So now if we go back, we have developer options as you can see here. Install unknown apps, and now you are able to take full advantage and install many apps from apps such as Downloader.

§

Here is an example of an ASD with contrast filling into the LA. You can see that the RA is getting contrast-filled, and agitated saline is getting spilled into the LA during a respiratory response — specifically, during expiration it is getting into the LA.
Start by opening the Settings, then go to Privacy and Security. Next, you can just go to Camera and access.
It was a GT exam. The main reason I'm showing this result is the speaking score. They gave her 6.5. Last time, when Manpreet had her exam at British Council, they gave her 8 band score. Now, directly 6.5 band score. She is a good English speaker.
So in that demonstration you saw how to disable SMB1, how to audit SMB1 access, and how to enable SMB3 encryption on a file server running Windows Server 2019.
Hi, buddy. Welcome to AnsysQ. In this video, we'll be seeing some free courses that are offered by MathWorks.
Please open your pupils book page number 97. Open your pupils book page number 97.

§

» ACTIVITY: Give again exactly, and only, the lines above starting at the one with "So in that demonstration" and ending at the one with "Please open your".

» TASK SOLUTION:
So in that demonstration you saw how to disable SMB1, how to audit SMB1 access, and how to enable SMB3 encryption on a file server running Windows Server 2019.
Hi, buddy. Welcome to AnsysQ. In this video, we'll be seeing some free courses that are offered by MathWorks.
Please open your pupils book page number 97. Open your pupils book page number 97.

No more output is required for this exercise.